### Work item
Look below for the line that contains "Briloner Tib Opbouwspot 9W - Ø8cm - Zwart" and the line that contains "Top Grain Leather, Mid", then restate both of them and every line in between, exactly. No picture goes in the copy.

### Listed entries
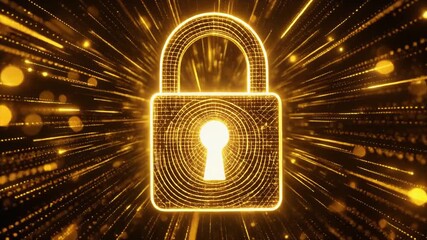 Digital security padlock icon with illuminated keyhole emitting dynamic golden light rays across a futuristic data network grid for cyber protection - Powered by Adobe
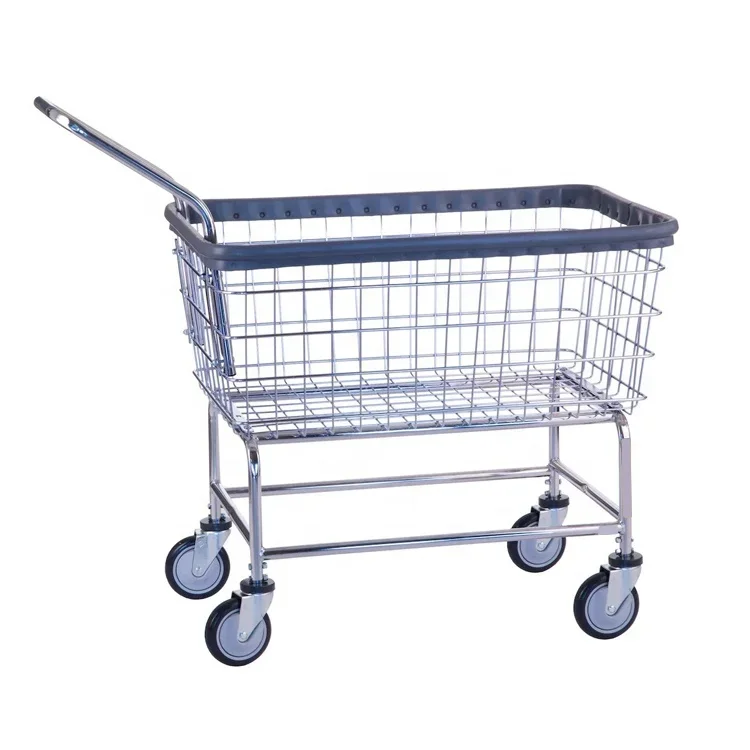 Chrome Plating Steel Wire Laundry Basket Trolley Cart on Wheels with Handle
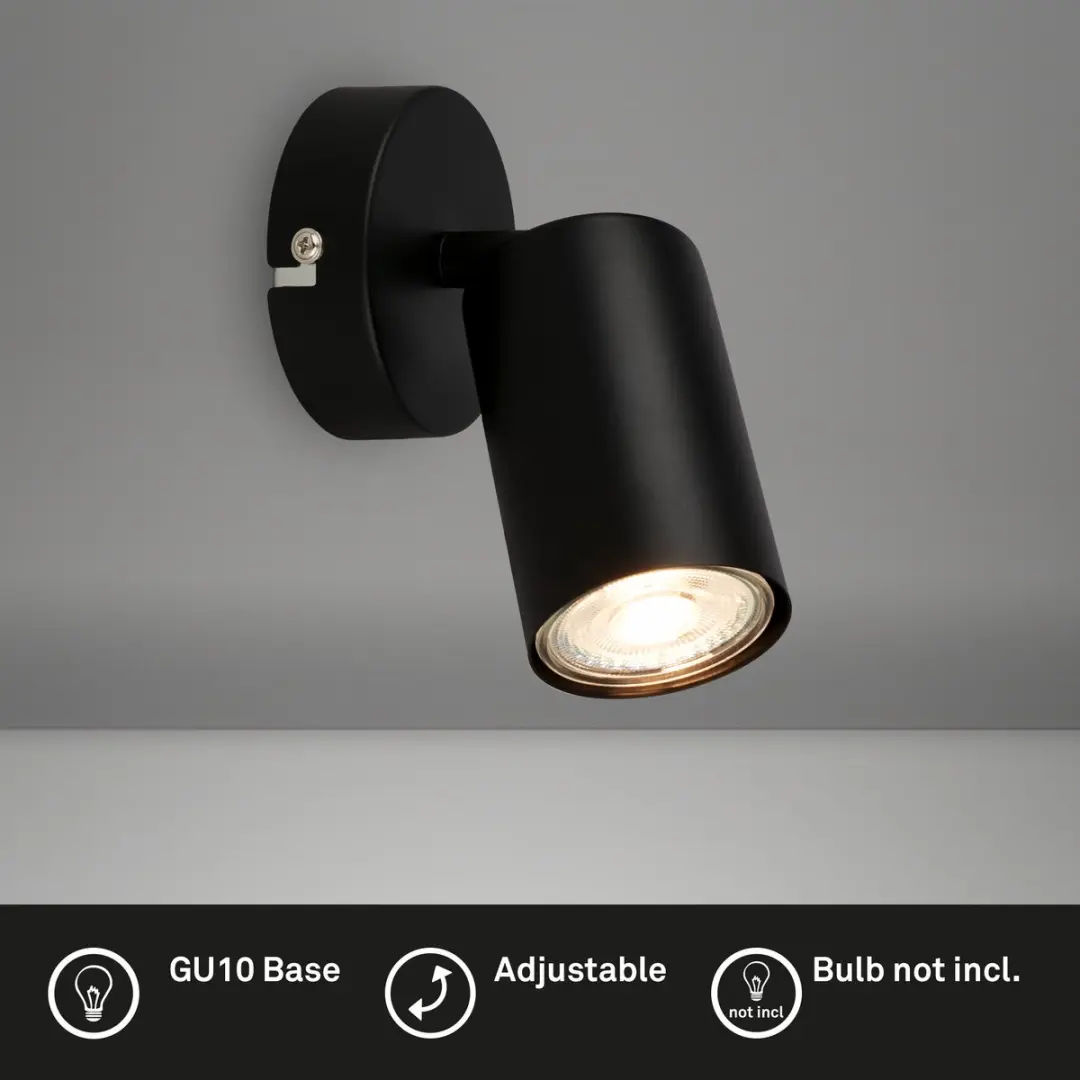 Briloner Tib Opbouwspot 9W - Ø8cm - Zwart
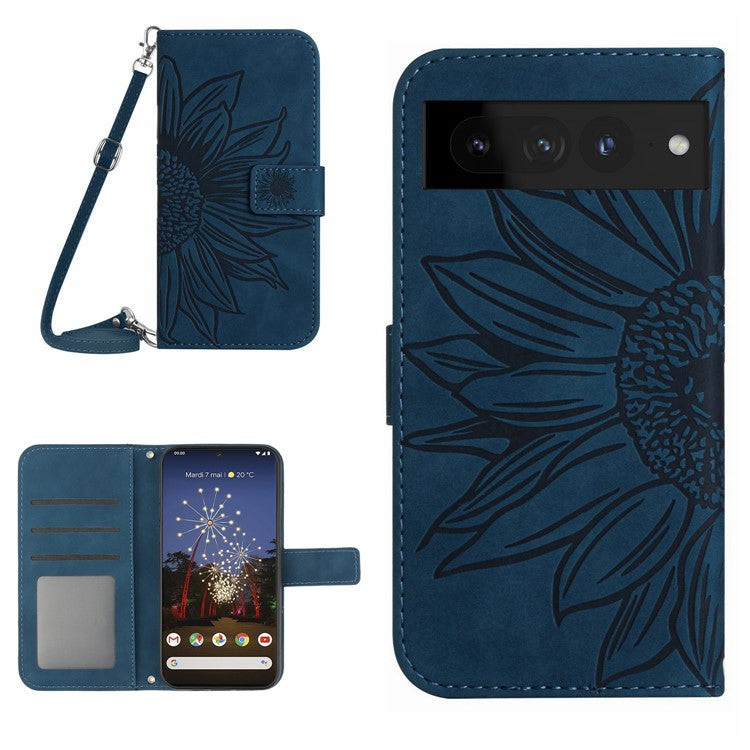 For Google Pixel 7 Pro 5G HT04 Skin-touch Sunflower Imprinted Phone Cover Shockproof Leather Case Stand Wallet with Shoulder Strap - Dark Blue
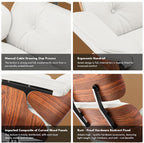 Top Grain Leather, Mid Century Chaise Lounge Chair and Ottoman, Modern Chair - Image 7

...

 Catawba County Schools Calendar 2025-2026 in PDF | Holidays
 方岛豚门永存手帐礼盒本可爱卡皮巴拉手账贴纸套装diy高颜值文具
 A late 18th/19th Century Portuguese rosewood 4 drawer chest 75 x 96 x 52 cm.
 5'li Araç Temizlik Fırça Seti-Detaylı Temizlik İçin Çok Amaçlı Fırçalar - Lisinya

### Result of the task
 Briloner Tib Opbouwspot 9W - Ø8cm - Zwart
 For Google Pixel 7 Pro 5G HT04 Skin-touch Sunflower Imprinted Phone Cover Shockproof Leather Case Stand Wallet with Shoulder Strap - Dark Blue
 Top Grain Leather, Mid Century Chaise Lounge Chair and Ottoman, Modern Chair - Image 7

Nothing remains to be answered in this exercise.